Few tears will be shed for Baitullah Mehsud, except among the Taleban militants. He took responsibility for the slaughter of hundreds of ordinary Pakistanis, quite apart from attacks on the army and police.
But the Pakistani public will take some convincing that he really is dead. Pakistanis tend to treat most US statements as automatically false, and are sceptical about the claims of their own Government. Many, too, believe in feverish conspiracy theories that attribute terrorism, not to the Taleban, but to agents of India, or even the US.
Among more sensible Pakistanis, the question will be how much difference Mehsud’s death will make. The Pakistani Taleban are much less united even their Afghan allies, and rather than a supreme commander, Mehsud was like the chairman of a squabbling board.
In Swat, where I am now, people think that the campaign against the Taleban here is much more important — and they are probably right. “It’s an American mistake to think that you can win this war by bumping off one commander after another,” a Pakistani officer told me. “There’s always another bastard to take his place. What you have to do is smash the miscreant forces and reoccupy the territory.”
That is what the Pakistani Army believes it is doing. After two years in which the Taleban continually extended their power, in the past three months a determined offensive has cleared them from the valley, breaking them into small groups and driving them into the mountains.
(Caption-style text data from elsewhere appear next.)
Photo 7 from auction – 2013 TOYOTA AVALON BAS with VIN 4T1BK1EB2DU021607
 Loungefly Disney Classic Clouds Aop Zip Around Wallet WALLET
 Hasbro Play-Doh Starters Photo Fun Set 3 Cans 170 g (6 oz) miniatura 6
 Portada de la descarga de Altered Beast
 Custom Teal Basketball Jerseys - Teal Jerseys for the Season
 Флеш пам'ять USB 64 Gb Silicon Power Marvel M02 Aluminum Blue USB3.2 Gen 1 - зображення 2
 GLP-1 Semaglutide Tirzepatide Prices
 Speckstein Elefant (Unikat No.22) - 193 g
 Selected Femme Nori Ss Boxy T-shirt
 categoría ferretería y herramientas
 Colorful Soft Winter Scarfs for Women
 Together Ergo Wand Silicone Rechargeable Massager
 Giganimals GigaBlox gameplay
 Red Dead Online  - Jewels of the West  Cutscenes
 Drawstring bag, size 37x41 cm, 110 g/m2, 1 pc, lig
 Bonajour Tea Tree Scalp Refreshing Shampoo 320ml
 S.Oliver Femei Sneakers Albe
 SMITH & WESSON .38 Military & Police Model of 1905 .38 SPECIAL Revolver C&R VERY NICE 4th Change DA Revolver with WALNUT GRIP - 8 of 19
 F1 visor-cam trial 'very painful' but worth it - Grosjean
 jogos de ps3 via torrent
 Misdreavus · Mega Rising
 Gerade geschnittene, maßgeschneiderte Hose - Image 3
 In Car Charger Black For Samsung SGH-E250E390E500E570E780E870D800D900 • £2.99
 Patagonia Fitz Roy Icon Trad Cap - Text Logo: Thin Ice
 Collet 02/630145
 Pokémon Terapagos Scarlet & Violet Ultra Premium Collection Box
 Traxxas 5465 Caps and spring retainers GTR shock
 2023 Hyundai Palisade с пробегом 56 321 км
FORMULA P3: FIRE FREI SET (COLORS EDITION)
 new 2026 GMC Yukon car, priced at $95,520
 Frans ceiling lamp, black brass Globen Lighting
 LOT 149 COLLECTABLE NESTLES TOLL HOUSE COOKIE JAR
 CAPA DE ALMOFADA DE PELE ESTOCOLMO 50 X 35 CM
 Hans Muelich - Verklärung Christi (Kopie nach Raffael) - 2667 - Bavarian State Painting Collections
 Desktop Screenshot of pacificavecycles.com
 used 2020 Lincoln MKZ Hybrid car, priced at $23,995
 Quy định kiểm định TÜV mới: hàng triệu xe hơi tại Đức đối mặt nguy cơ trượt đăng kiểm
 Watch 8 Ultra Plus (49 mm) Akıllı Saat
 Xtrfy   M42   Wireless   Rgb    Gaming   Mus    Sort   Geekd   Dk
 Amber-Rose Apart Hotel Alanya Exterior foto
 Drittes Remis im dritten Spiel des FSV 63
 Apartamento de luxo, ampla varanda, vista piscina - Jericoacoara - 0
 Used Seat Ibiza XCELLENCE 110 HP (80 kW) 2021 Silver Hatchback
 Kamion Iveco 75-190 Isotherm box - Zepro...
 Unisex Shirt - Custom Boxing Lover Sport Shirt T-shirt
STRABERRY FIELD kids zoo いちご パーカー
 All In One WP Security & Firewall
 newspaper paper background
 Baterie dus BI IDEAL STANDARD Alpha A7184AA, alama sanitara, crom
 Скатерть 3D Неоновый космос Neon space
The campaign involved massive firepower, causing hundreds of thousands of people to flee, but as I drove up here we passed one truck and bus after another loaded with the possessions of people returning to their homes.
The soldiers I have talked with are confident that the Taleban have been smashed in Swat and cannot come back. Businessmen in Peshawar and elsewhere are much more confident in the future than when I talked with them a year ago. However, there is such a thing as overconfidence and overconfidence led me to stay on the streets of Swat’s capital, Mingora, after dark.
During the curfew these streets take on a very different appearance from their bustling daylight face. Edgy soldiers at checkpoints clearly think that Taleban car bombs remain a very real threat.
Many ordinary Pakistanis still think that negotiations, not war with the Taleban, are the best way forward. So the death of Mehsud and the reconquest of Swat seem like a good beginning, but only that.
Anatol Lieven, a professor of war studies at King’s College London.